“El filósofo italiano fue de los pocos en primero señalar que las medidas biopolíticas para hacer vivir y no dejar morir utilizadas como excusa para contener el virus son la prolongación de estados de emergencia como el que fue declarado el año 2001 después del atentado terrorista a las torres gemelas”
Dos países latinoamericanos que respectivamente se encontraban bajo estado de excepción debido a la emergencia provocada por COVID-19 han declarado su fin. El primero, Ecuador el 20 de mayo del presente año; el segundo, Chile el 27 de septiembre. Por su parte, en Colombia aún se mantiene en pie lo que se ha venido llamando estado de emergencia sanitaria, quizás debido a nuestra manera eufemística de expresarnos.
Esto me lleva a recordar que hace unos días, en medio de esos encuentros largos y abrumadores en los que incurre la academia, alguien se refirió a Giorgio Agamben como un autor prohibido, un autor de esos de los que se habla en todas las charlas académicas, algo así como un individuo con ideas muy chapadas a la antigua, carente de toda creatividad. No obstante, caben mencionar que el filósofo italiano fue de los pocos en primero señalar que las medidas biopolíticas para hacer vivir y no dejar morir utilizadas como excusa para contener el virus son la prolongación de estados de emergencia como el que fue declarado el año 2001 después del atentado terrorista a las torres gemelas. Por lo cual, como lo aclara en su obra más reconocida, Homo sacer: Il potere sovrano e la nuda vita, reducir al ser humano a la zoē, a la simple existencia biológica, a cambio de renunciar a nuestros derechos políticos y nuestra expresión humana, es el camino certero hacia el estado de excepción.

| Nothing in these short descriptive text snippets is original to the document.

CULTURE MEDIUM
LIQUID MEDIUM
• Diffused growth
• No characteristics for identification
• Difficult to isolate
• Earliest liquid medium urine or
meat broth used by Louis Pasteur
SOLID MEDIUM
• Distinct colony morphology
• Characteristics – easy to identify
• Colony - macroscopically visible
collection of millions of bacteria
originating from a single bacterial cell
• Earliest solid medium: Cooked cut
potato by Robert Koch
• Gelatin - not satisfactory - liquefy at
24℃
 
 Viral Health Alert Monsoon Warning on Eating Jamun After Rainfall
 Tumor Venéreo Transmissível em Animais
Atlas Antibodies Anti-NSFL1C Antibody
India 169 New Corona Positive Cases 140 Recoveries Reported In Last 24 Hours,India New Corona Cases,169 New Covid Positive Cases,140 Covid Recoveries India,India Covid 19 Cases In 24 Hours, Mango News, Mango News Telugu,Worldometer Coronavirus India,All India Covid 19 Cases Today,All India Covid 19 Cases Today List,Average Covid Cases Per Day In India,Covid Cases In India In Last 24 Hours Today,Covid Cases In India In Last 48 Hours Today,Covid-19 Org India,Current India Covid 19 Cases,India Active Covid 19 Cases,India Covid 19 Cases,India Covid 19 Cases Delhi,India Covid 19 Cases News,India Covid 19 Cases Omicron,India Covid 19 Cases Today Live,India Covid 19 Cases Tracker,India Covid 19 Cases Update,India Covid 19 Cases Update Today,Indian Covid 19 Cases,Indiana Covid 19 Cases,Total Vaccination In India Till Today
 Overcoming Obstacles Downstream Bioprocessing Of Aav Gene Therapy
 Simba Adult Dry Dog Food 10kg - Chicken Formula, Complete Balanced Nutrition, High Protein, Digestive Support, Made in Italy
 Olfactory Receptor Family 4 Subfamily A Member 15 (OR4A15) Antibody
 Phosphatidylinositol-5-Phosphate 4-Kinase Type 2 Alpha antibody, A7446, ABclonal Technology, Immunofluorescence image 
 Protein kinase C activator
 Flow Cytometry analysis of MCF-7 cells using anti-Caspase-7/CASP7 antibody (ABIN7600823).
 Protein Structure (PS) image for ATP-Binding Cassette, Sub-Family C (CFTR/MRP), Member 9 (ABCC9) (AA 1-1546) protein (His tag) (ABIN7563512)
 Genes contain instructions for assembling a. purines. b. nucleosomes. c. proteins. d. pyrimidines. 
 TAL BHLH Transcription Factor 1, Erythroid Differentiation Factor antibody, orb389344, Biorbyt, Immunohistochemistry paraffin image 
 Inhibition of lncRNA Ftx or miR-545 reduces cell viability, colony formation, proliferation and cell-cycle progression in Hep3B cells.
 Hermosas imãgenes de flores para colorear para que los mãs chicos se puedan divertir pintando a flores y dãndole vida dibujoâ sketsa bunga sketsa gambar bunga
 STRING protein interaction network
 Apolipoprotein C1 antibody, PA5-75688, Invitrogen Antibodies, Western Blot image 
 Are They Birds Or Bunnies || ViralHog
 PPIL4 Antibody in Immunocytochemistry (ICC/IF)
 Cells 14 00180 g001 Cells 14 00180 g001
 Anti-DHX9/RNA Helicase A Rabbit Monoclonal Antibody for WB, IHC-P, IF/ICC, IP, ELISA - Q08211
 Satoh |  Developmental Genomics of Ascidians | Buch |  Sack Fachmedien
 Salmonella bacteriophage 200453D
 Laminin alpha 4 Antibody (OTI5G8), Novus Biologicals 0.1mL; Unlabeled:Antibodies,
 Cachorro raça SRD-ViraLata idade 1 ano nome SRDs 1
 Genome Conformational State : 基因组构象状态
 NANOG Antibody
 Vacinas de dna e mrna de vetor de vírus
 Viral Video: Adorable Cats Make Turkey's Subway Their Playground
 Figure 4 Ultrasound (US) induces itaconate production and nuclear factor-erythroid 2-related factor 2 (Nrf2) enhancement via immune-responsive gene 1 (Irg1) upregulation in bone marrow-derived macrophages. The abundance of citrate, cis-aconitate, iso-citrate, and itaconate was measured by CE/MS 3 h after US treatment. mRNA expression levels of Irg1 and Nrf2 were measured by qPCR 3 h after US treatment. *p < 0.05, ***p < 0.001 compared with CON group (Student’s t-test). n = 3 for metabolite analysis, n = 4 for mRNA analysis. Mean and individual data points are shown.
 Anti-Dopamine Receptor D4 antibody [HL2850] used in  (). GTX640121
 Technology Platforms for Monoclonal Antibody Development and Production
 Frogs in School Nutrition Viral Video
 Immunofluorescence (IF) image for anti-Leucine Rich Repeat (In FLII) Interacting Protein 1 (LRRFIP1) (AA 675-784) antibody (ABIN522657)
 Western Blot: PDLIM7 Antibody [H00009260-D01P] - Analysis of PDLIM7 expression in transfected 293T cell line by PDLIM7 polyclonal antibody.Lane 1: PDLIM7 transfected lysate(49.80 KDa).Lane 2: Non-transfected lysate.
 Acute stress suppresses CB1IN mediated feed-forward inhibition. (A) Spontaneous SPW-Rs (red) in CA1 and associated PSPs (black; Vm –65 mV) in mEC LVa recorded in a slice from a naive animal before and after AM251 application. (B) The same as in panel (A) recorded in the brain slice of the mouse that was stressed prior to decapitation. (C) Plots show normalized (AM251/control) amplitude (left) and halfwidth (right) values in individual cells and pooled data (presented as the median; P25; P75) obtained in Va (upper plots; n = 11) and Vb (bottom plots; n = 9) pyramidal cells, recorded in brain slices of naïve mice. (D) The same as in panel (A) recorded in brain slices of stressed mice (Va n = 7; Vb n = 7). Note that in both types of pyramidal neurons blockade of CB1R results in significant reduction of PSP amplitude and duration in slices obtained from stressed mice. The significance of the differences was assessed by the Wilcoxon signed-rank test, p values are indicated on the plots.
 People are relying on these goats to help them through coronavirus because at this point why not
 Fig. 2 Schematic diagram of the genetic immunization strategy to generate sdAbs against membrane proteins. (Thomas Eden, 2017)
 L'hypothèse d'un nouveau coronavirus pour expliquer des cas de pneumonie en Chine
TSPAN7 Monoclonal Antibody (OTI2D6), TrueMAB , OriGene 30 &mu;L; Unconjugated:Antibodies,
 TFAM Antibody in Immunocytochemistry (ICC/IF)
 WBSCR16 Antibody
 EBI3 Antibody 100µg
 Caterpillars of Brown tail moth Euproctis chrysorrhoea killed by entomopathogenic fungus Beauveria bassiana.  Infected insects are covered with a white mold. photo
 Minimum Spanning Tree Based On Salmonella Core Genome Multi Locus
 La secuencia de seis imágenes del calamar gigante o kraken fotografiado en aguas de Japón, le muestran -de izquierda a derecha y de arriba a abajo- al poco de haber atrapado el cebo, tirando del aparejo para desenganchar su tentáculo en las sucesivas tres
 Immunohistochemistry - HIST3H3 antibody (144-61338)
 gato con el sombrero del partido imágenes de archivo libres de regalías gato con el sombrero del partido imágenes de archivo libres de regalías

En el caso en particular de la COVID-19, el autor señala dos razones por las cuales el estado de excepción se convierte en la regla a medida que se propaga virus. El primero, a que “hay una tendencia creciente a utilizar el estado de excepción como paradigma normal de gobierno”; y el segundo, al “estado de miedo que evidentemente se ha extendido en los últimos años en las conciencias de los individuos y que se traduce en una necesidad real de estados de pánico colectivo, a los que la epidemia vuelve a ofrecer el pretexto ideal”.
Es por ende que estas medidas de corte militarista que tratan a la enfermedad cual metáfora para la guerra —como en su momento criticó la escritora Susan Sontag— resultan peligrosas y para nada loables. Dicho esto, resta esperar que esta reacción de pánico colectivo ante la enfermedad, o a ante cualquier emergencia del futuro, no se siga repitiendo cada tanto, dejando así secuelas que se verán reflejadas cual rituales burocráticos; pues recordemos que la emergencia del 9/11 y la guerra contra las drogas —otra pésima metáfora— aún nos mantienen quitando los zapatos y el cinturón en los aeropuertos dos décadas después.
Siendo así, cabe preguntarnos ¿Por cuántos años seguiremos el ritual de las máscaras y el sistema regulatorio del rastreo y la datificación de los cuerpos? ¿Por cuántos años continuaremos viviendo la nuda vita, la vida en función de las necesidades biológicas a la vez que relegamos nuestra experiencia humana que, en esencia, requiere del contacto con el prójimo?